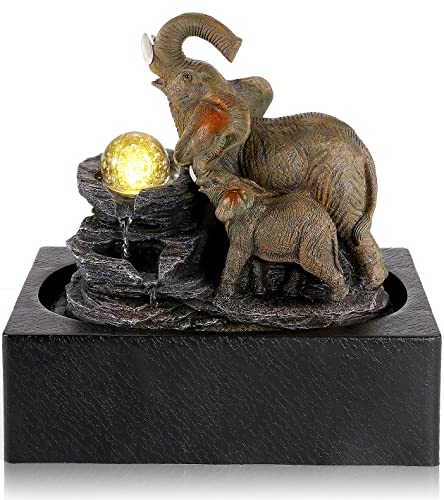 Indoor Elephant Waterfall Fountain with LED Light & Spinning Ball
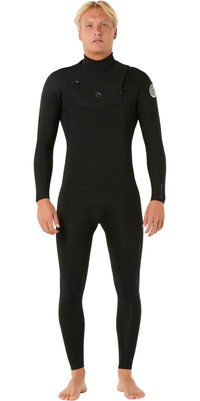 2026 Rip Curl Hombres Dawn Patrol 5/3mm Chest Zip Neopreno 16PMFS - Black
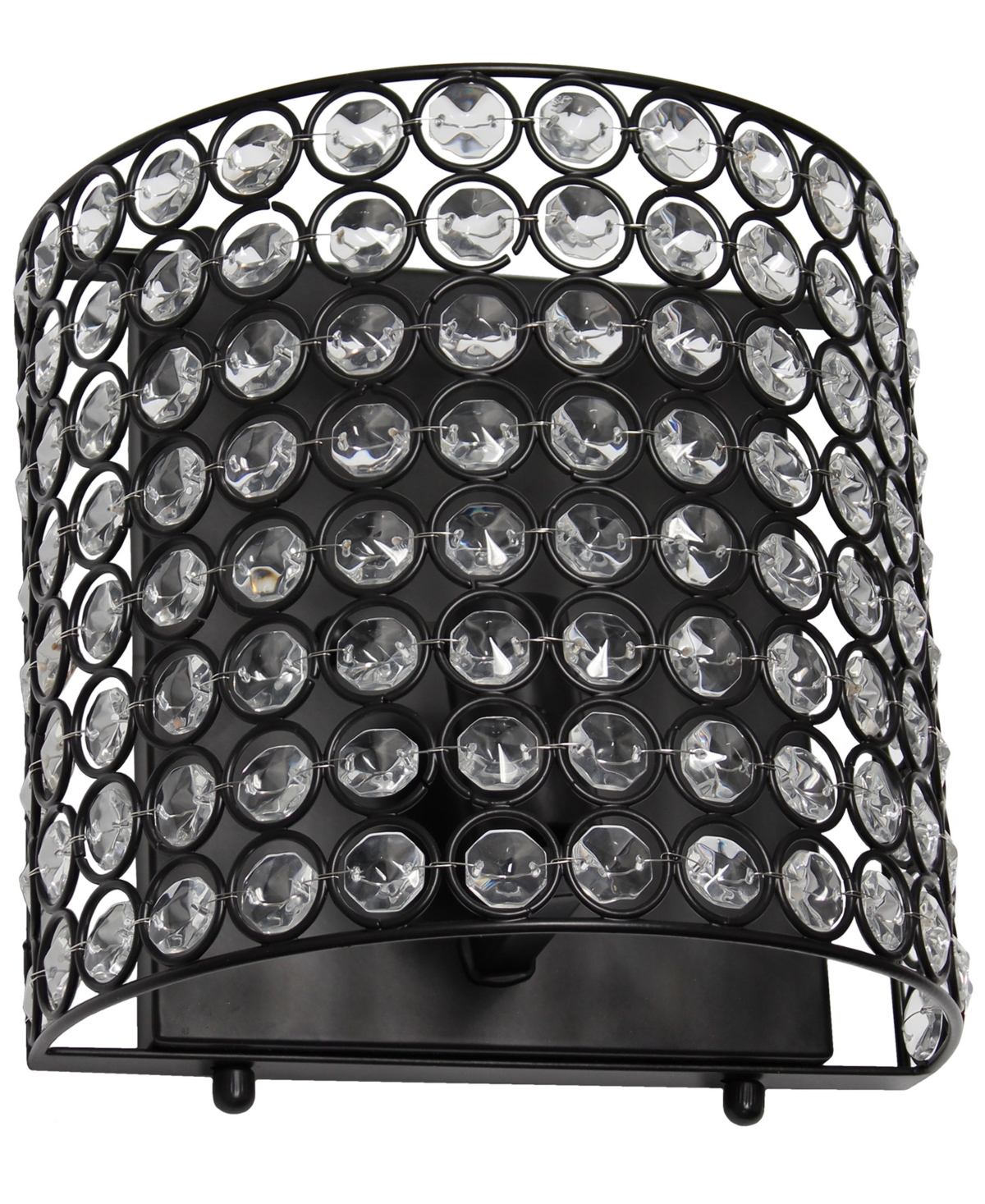 All The Rages 8" Modern Contemporary 1-light Bathroom Vanity Crystal And Metal Wall Sconce Lighting Fixture In Black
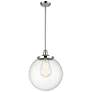 Beacon 14" Wide Polished Chrome Pendant With Seedy Shade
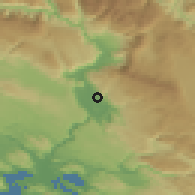 Shaded relief of the 52 km around Gnojnice, drawn from the GMTED2010 grid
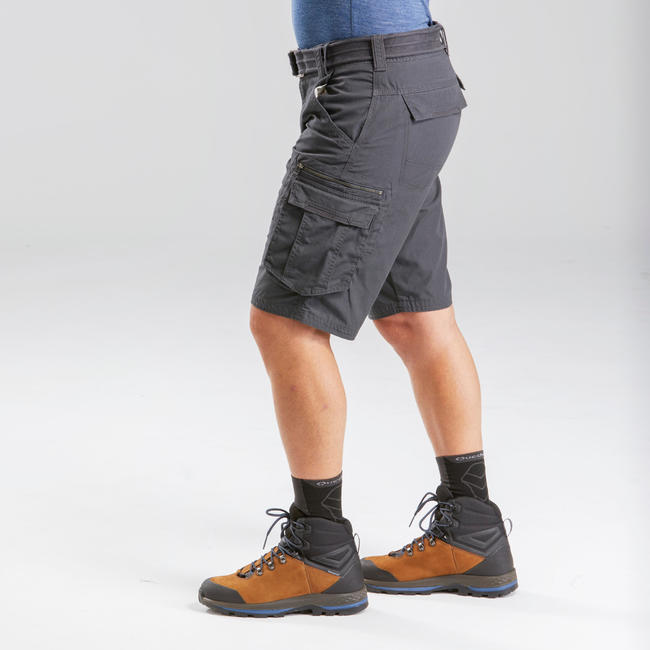 Men's Travel Trekking Cargo Shorts TRAVEL 100 Grey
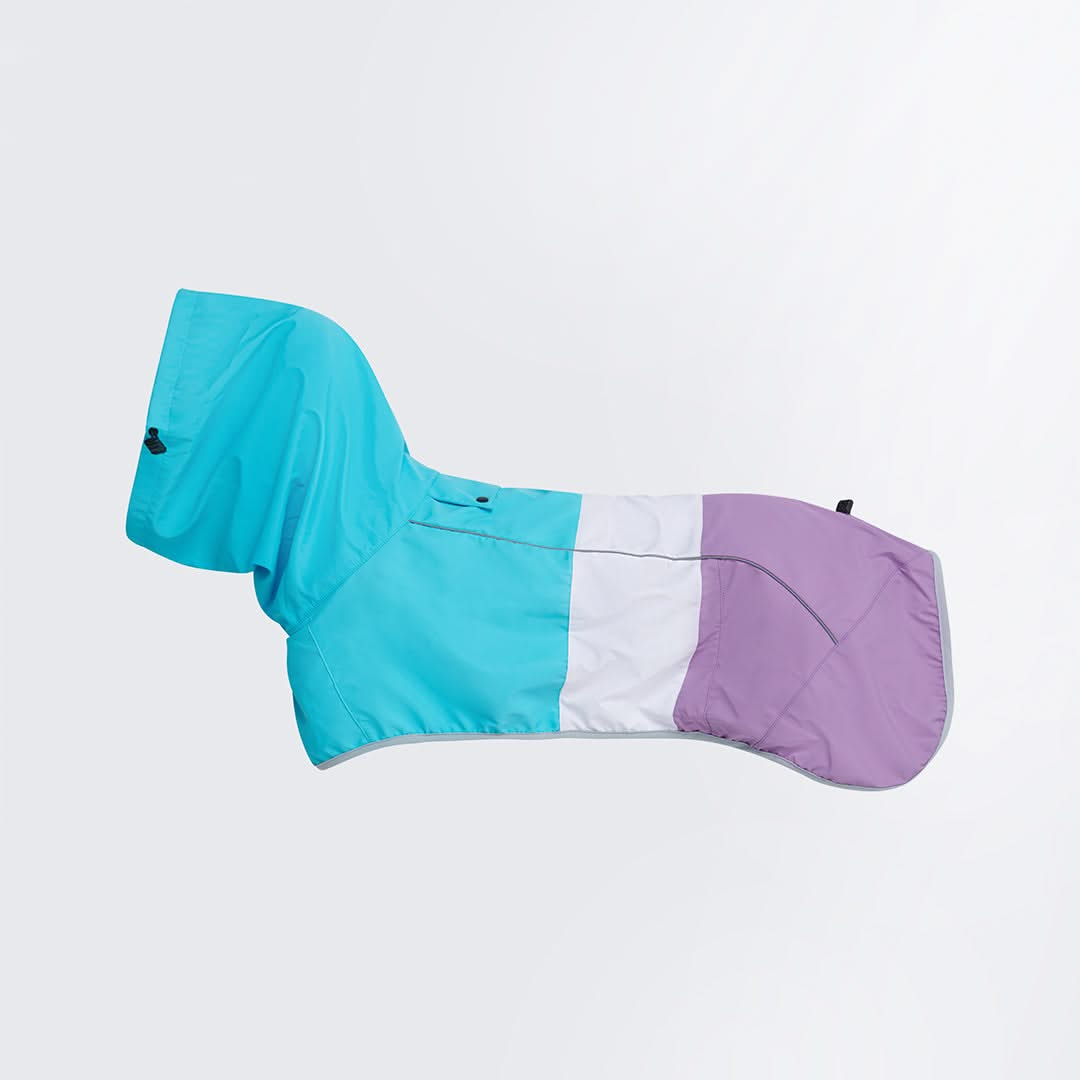 Capa de Chuva para Cachorro Breatheshield™ - Aqua Branco Roxo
□ □ □ □ □
Work instructions: Excluding the images, return each record above precisely as written.

Reply:
 Indoor Elephant Waterfall Fountain with LED Light & Spinning Ball
 2026 Rip Curl Hombres Dawn Patrol 5/3mm Chest Zip Neopreno 16PMFS - Black
 All The Rages 8" Modern Contemporary 1-light Bathroom Vanity Crystal And Metal Wall Sconce Lighting Fixture In Black
 Beacon 14" Wide Polished Chrome Pendant With Seedy Shade
 Shaded relief of the 52 km around Gnojnice, drawn from the GMTED2010 grid
 Men's Travel Trekking Cargo Shorts TRAVEL 100 Grey
 Capa de Chuva para Cachorro Breatheshield™ - Aqua Branco Roxo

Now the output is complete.